[Python] Dataset join_asof not working on dictionary encoded column
Hi there,
I have a large on-disk dataset that I am creating as follows (where pa_path is a str and pa_fs is of type S3FileSystem):
dataset = ds.dataset(
source=pa_path,
filesystem=pa_fs,
format="parquet",
partitioning=ds.partitioning(
schema=pa.schema(
fields=[
("underlier_id", pa.uint64()),
("trade_date", pa.date32())
]
),
flavor="filename"
)
)
The schema of my dataset is as follows (omitting the full struct schema for data as it is rather large):
underlier_id: uint64
trade_date: date32[day]
as_of_time: timestamp[ns]
currency: dictionary<values=string, indices=int32, ordered=0>
data: struct
The as_of_time column contains minutely binned data, but there are cases where a user query will not exactly match up with the minutely bins we have available.

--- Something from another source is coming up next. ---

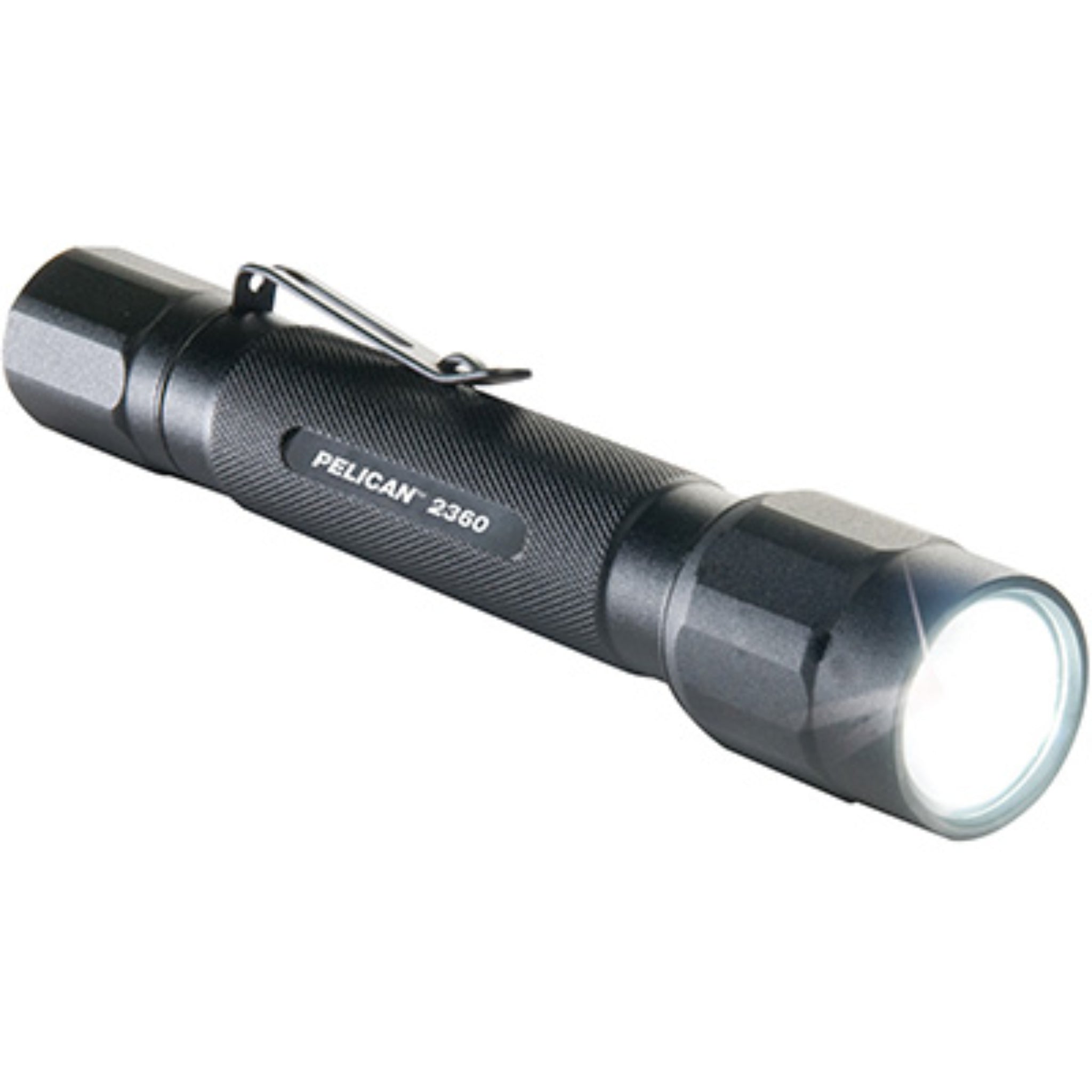 Pelican 2360 023600-0002-110 375 Lumens Tactical Flashlight, Black, Angled View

In this case, I want to perform an as of join so that we can pull in the most recent data.
I am using polars to create an InMemoryDataset from a Table that I have populated with the desired underlier_id and as_of_time columns:
as_of_df = pl.DataFrame(
data={
"underlier_id": 5135108,
"trade_date": dt.date(2024, 1, 5),
"as_of_time": dt.datetime(2024, 1, 5, 16, 31),
},
schema={
"underlier_id": pl.UInt64,
"trade_date": pl.Date,
"as_of_time": pl.Datetime("ns")
}
)
as_of_table = as_of_df.to_arrow()
as_of_ds = ds.InMemoryDataset(source=as_of_table)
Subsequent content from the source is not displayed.